There have been three suicides among prisoners and hundreds have been force-fed to keep them alive during intermittent hunger strikes. The Department of Defense has acknowledged 41 suicide attempts among 29 prisoners.
Jumah Al-Dossari, a 33-year-old citizen of Bahrain, has been held at Guantanamo since 2002. In a letter to his attorneys, he writes, "At Guantanamo, soldiers have assaulted me, placed me in solitary confinement, threatened to kill me, threatened to kill my daughter and told me I will stay in Cuba for the rest of my life. They have deprived me of sleep, forced me to listen to extremely loud music and shined intense lights in my face. They have placed me in cold rooms for hours without food, drink or the ability to go to the bathroom or wash for prayers. They have wrapped me in the Israeli flag and told me there is a holy war between the Cross and the Star of David on one hand and the Crescent on the other. They have beaten me unconscious.
I would rather die than stay here forever, and I have tried to commit suicide many times. The purpose of Guantanamo is to destroy people, and I have been destroyed. I am hopeless because our voices are not heard from the depths of the detention center. "
The camp has been criticized around the world for its detainment of prisoners without trial. The U.S. administration said the prisoners were not entitled to the protections of the Geneva Conventions, but on June 19, 2006, the U.S. Supreme Court ruled against that claim.
Today, activists around the world will be demonstrating for the closure of the base. Asif Iqbal, one of the men featured in "The Road to Guantanamo," is back in Cuba denouncing the abuses.
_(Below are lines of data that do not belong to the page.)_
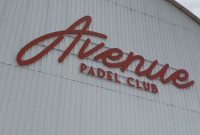 Lapangan Avenue Padel Club di Serpong, Tangerang Selatan disegel petugas Satpol PP karena tidak memiliki izin persetujuan bangunan gedung (Dok)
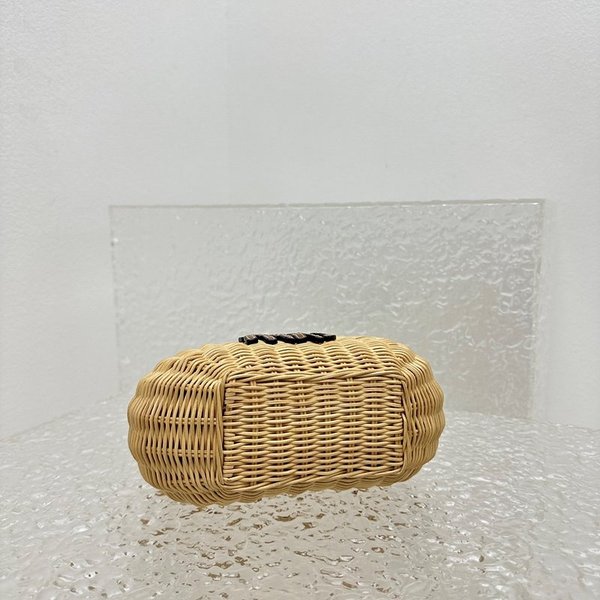 미우미우 완더 위커 호보 백 [매장가 290만원대]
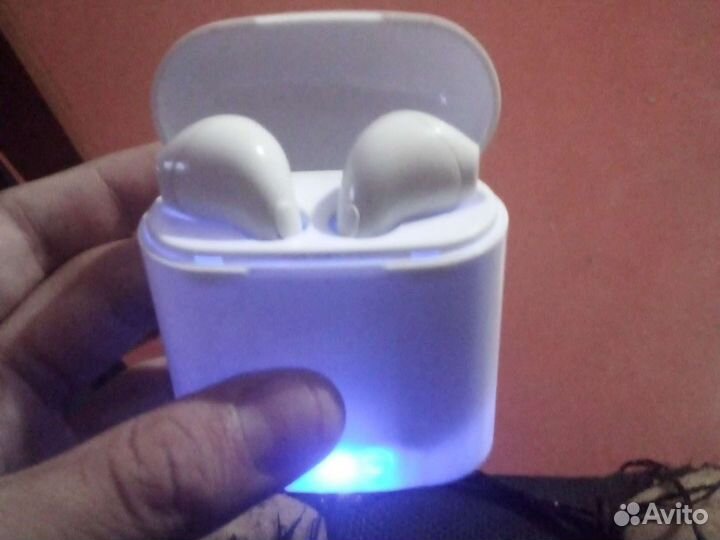 Безпроватные наушники простые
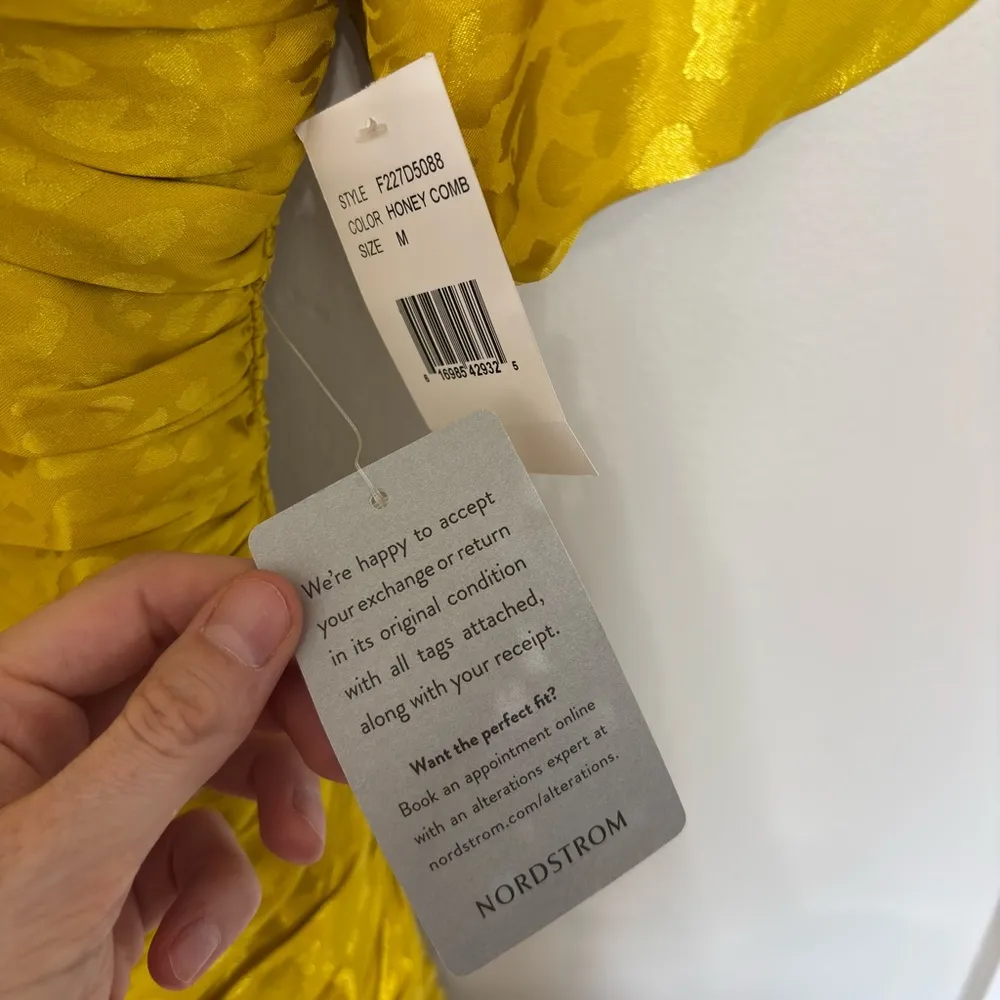 NWT Adelyn Rae Nissa Puff Sleeve Mini Dress in Honeycomb - Size M - Image 8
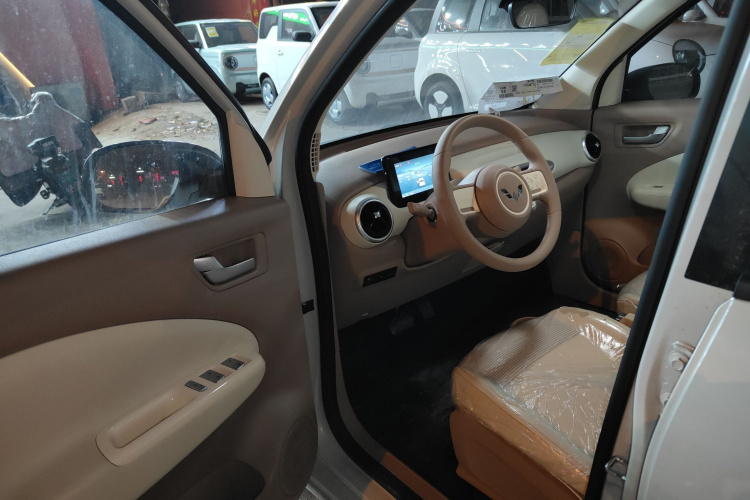 五菱汽车 宏光MINIEV 2025款 四门版 进阶款中控内饰20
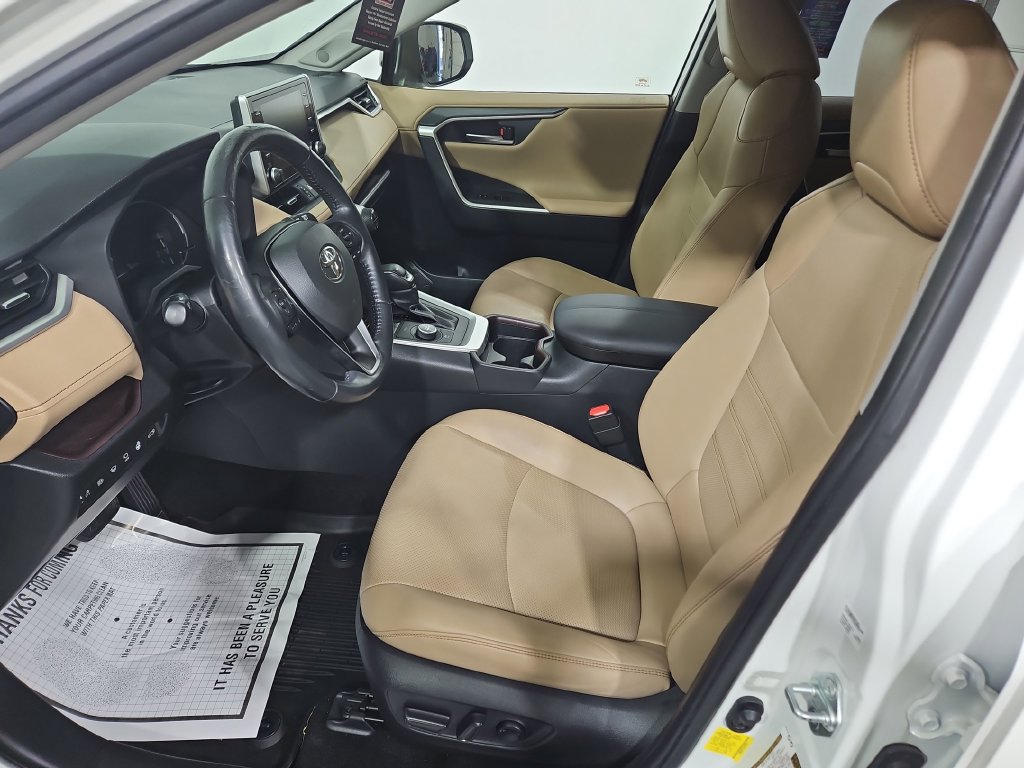 Used 2019 Toyota RAV4 Limited AWD/4WD image 9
Amnesty International and others will participate in demonstrations in Australia, Italy, Japan, Paraguay, Spain, Tunisia, the United Kingdom, and the United States. To take part in an action near you, click here.
While we talk about the torture methods being used by the United States, as a society, we rarely discuss their devastating impacts. In 1957, after French soldiers forced water directly and deeply into the lungs of French journalist Henri Alleg during the Battle for Algiers, he wrote a book about his ordeal and named his torturers. He wrote, "I tried, by contracting my throat, to take in as little water as possible to resist suffocation by keeping air in my lungs for as long as I could. But I couldn't hold on for more than a few moments. I had the impression of drowning, and a terrible agony, that of death itself, took possession of me."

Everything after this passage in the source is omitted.